#### [EXERCISE PROMPT]
Among the entries that follow, how many lines contain the string "avec"? Write the number alone.

_____

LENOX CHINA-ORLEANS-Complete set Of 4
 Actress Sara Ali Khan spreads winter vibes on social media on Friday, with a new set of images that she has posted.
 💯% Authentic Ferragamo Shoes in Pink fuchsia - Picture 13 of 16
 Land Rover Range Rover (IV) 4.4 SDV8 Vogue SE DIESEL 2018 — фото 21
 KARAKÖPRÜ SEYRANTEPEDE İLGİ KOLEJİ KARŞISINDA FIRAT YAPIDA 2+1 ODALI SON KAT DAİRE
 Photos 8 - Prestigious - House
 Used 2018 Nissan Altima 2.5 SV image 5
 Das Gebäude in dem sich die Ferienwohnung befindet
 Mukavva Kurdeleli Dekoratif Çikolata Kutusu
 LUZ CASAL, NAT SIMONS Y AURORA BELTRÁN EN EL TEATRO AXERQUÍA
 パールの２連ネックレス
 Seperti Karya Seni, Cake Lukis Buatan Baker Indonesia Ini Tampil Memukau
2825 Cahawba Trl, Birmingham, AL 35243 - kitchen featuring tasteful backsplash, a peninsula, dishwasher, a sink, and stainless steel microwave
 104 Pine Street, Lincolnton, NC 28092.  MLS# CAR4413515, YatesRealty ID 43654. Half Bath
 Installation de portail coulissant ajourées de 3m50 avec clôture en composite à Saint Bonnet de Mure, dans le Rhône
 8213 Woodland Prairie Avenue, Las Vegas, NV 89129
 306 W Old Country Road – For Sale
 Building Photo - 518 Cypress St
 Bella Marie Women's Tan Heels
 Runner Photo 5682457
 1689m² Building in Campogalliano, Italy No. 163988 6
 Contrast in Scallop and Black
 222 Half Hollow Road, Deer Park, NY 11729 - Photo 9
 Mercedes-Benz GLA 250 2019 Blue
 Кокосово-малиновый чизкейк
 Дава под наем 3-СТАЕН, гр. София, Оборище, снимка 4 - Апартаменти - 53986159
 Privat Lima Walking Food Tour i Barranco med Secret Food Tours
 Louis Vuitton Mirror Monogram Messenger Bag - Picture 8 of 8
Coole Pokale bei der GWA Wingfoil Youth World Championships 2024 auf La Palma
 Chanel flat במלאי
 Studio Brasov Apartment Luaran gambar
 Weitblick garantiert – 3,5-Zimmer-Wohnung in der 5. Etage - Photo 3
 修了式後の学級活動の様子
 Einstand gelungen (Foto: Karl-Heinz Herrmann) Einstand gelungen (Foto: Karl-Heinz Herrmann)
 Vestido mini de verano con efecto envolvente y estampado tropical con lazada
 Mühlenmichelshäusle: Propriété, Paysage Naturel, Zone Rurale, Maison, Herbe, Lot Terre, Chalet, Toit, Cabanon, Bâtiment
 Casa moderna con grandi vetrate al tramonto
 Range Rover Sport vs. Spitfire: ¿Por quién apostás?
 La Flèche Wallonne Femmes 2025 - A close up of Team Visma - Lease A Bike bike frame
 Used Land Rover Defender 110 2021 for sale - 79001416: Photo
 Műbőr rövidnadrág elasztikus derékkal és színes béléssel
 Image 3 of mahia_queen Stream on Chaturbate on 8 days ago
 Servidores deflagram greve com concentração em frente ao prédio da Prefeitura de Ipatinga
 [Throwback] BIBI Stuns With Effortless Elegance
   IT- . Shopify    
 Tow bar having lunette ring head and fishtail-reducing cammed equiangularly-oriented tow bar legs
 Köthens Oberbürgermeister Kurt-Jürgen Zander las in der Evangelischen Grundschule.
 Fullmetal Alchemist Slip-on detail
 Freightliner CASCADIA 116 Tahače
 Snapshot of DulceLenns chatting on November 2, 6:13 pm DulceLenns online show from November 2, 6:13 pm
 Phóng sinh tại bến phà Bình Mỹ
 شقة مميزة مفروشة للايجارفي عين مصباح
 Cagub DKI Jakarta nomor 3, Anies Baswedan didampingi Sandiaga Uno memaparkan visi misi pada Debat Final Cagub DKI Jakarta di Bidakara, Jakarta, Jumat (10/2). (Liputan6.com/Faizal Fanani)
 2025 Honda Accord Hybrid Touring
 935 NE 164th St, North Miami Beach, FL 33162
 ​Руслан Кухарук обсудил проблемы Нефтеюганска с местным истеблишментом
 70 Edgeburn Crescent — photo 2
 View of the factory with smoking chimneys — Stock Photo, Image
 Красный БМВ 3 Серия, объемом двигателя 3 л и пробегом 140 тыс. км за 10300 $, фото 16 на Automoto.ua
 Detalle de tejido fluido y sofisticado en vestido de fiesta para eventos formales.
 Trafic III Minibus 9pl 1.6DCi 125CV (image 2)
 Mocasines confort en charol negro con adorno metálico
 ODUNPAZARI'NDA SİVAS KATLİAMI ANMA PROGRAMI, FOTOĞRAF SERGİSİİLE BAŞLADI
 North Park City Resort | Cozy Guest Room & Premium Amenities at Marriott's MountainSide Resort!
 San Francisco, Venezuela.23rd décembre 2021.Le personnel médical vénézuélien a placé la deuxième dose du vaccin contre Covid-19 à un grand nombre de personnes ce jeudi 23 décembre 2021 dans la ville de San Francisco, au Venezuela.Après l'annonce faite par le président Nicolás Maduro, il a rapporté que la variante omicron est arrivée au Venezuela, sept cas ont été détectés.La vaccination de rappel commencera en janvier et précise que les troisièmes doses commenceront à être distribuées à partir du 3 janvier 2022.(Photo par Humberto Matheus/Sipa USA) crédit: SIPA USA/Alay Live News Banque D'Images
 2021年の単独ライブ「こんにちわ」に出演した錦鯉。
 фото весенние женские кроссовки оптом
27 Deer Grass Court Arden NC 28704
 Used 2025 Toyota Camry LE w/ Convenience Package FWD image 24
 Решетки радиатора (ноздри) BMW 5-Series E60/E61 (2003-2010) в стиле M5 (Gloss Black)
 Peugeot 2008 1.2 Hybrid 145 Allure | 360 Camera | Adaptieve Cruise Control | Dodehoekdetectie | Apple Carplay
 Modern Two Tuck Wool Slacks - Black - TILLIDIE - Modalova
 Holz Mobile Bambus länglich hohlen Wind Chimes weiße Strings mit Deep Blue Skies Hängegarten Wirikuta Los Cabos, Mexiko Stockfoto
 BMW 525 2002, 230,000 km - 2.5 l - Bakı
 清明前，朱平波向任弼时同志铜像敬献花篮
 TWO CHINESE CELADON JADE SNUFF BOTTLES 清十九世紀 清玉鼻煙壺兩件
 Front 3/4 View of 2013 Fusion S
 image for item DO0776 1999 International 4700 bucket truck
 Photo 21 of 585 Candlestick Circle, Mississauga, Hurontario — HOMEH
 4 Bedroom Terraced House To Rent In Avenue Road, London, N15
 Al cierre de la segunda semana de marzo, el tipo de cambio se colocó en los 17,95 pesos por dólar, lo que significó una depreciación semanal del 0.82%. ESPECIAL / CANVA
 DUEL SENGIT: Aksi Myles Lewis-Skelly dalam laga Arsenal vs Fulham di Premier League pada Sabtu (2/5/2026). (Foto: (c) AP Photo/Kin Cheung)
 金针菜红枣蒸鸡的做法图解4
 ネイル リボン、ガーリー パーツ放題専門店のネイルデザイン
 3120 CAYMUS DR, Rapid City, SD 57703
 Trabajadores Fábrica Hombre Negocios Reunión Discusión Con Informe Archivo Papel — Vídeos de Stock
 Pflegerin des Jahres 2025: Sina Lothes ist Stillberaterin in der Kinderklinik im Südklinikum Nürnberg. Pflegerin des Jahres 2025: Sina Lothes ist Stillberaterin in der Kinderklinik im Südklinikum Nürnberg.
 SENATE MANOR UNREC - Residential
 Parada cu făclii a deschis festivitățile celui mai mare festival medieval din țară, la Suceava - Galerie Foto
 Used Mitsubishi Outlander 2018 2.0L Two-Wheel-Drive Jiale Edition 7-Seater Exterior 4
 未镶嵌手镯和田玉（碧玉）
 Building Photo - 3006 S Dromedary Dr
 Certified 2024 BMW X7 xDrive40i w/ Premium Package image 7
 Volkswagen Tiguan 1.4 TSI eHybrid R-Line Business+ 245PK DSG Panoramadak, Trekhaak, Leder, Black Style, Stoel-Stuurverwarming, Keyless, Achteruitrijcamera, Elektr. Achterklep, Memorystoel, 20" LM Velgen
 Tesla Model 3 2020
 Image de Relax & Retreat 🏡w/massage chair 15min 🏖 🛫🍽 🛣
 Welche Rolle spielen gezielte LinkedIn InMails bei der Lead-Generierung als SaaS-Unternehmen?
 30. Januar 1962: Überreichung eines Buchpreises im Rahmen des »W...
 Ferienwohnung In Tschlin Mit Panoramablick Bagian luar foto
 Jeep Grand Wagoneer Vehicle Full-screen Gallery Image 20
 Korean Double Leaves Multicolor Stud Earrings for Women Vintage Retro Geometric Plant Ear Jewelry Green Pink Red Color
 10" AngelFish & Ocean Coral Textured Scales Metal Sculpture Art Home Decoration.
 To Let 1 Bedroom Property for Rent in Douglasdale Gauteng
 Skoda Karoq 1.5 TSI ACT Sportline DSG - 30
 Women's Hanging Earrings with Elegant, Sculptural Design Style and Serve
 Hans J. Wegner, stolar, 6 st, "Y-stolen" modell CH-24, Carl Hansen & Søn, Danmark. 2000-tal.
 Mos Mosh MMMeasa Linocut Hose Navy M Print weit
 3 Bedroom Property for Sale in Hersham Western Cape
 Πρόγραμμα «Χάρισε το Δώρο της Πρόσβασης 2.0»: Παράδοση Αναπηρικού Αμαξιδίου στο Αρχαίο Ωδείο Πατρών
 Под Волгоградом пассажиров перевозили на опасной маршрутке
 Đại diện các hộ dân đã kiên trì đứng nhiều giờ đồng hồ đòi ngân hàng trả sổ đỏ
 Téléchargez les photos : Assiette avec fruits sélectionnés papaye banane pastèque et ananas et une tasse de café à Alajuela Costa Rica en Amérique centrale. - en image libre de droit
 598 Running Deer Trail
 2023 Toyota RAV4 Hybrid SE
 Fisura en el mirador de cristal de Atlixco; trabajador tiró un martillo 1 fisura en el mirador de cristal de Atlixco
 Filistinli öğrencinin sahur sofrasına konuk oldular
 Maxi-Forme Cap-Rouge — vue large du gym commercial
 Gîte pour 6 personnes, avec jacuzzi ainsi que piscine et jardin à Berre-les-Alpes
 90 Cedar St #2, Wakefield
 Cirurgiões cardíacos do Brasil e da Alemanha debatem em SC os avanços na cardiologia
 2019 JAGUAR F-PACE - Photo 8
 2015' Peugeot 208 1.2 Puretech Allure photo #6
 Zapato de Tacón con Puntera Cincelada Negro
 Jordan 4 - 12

_____

#### [ANSWER AREA]
3